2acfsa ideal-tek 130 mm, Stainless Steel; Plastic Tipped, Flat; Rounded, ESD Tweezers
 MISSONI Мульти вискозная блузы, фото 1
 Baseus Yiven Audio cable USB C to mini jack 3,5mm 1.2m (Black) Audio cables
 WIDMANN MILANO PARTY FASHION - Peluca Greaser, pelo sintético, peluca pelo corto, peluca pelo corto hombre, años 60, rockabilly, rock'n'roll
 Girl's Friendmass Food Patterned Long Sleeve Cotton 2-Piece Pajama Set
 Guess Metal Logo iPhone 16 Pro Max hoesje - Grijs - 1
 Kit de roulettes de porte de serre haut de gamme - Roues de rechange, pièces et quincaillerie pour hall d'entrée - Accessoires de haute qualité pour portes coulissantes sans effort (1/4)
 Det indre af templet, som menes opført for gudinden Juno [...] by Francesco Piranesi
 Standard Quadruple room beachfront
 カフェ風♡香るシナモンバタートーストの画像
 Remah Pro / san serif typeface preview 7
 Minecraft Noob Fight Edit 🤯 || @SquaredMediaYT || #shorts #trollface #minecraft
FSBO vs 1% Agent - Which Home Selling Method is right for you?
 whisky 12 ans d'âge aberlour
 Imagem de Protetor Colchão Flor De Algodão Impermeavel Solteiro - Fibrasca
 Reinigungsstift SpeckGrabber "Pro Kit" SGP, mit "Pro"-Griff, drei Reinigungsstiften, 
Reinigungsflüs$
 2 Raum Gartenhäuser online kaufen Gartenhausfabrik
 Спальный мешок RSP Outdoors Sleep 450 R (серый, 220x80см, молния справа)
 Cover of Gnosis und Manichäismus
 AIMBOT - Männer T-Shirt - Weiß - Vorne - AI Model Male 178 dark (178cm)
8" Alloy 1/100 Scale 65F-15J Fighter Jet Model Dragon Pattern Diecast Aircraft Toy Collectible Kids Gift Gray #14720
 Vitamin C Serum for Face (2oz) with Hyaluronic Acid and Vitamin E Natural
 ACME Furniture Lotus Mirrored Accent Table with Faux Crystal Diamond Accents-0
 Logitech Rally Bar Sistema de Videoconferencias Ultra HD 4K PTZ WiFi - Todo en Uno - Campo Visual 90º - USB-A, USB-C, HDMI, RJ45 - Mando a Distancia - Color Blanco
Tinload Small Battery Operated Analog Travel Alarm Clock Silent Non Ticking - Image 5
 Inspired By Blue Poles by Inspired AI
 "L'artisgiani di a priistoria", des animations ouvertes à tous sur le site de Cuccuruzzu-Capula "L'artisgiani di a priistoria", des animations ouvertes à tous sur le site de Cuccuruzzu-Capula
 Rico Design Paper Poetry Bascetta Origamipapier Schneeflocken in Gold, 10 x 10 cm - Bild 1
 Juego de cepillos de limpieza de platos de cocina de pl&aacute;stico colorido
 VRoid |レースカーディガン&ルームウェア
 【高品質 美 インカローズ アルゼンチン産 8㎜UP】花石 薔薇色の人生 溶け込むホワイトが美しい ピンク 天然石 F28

What to work on: Send back an exact copy of only the lines from the line with "AIMBOT - Männer" up to and including the line with "Logitech Rally Bar" in the data above.

Answer to the exercise:
 AIMBOT - Männer T-Shirt - Weiß - Vorne - AI Model Male 178 dark (178cm)
8" Alloy 1/100 Scale 65F-15J Fighter Jet Model Dragon Pattern Diecast Aircraft Toy Collectible Kids Gift Gray #14720
 Vitamin C Serum for Face (2oz) with Hyaluronic Acid and Vitamin E Natural
 ACME Furniture Lotus Mirrored Accent Table with Faux Crystal Diamond Accents-0
 Logitech Rally Bar Sistema de Videoconferencias Ultra HD 4K PTZ WiFi - Todo en Uno - Campo Visual 90º - USB-A, USB-C, HDMI, RJ45 - Mando a Distancia - Color Blanco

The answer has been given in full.